▶ [Instructions for the task]: Give the data again in full, without pictures.

▶ [Input data]:
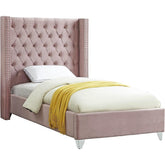 Meridian Furniture Aiden Pink Velvet Twin BedMeridian Furniture - Twin Bed - Minimal And Modern - 1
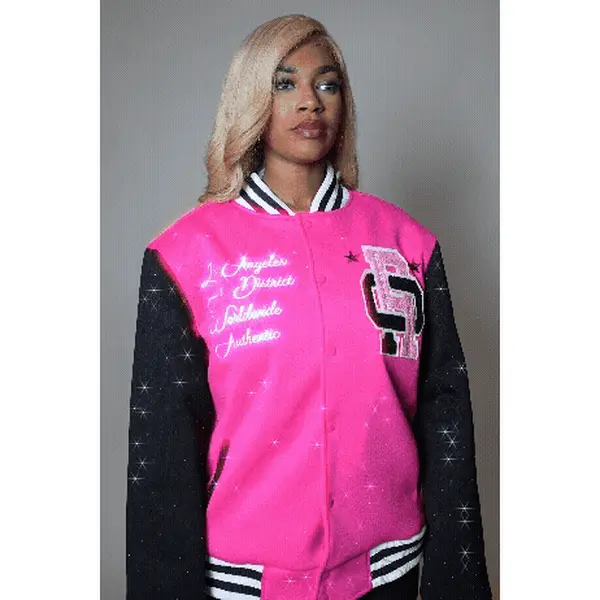 Ranesha Hot Pink/Black Rhinestone Varsity Jacket Ranesha Hot Pink/Black Rhinestone Varsity Jacket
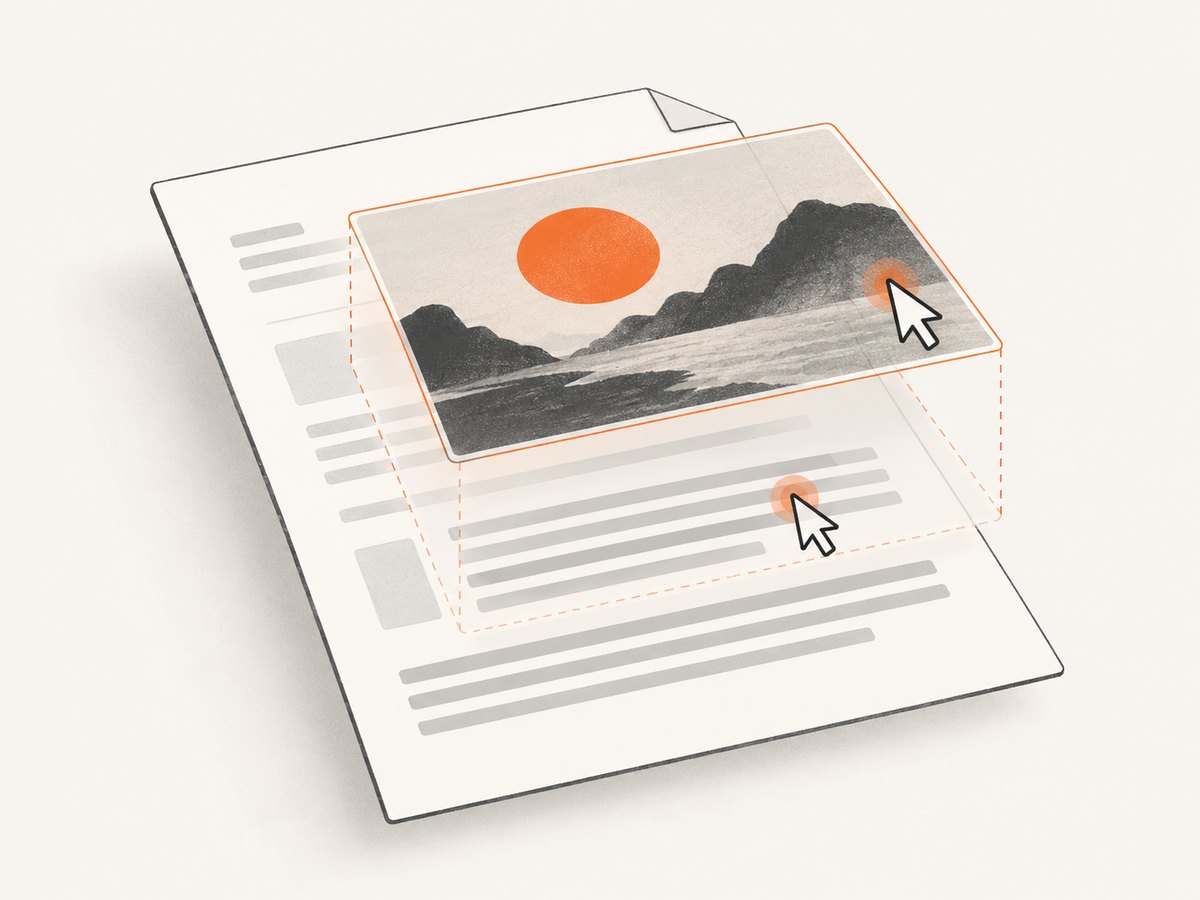 A selection preference can decide whether overlapping image or text content is chosen.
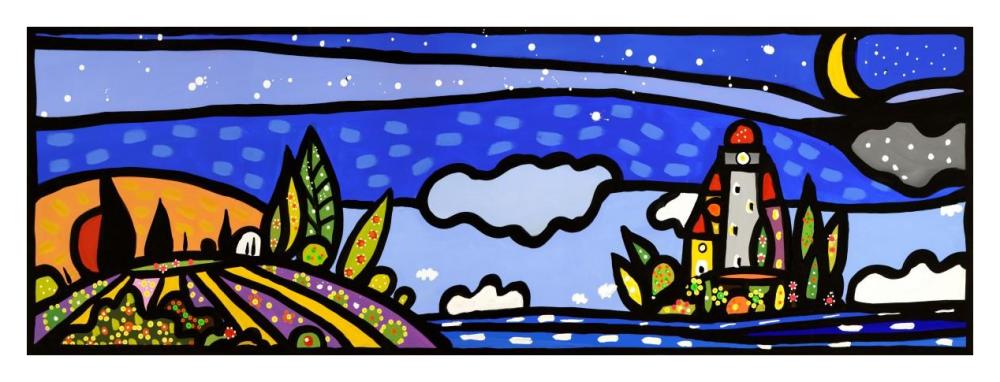 Isola e luna-Paper Art-38"x14"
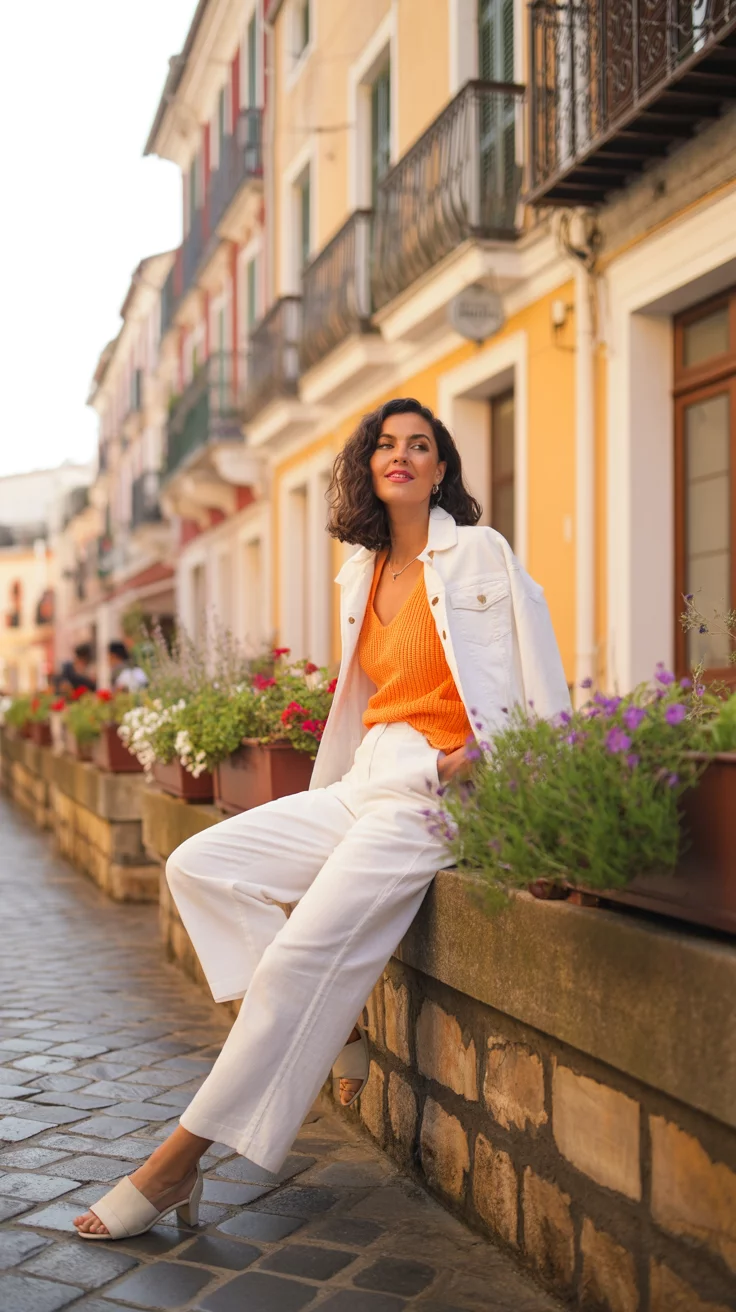 A beautiful stylish woman in an orange top, white wide leg pants, and a white denim jacket sits on a stone retaining wall in a European style town setting.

▶ [Solution for this exercise]:
 Meridian Furniture Aiden Pink Velvet Twin BedMeridian Furniture - Twin Bed - Minimal And Modern - 1
 Ranesha Hot Pink/Black Rhinestone Varsity Jacket Ranesha Hot Pink/Black Rhinestone Varsity Jacket
 A selection preference can decide whether overlapping image or text content is chosen.
 Isola e luna-Paper Art-38"x14"
 A beautiful stylish woman in an orange top, white wide leg pants, and a white denim jacket sits on a stone retaining wall in a European style town setting.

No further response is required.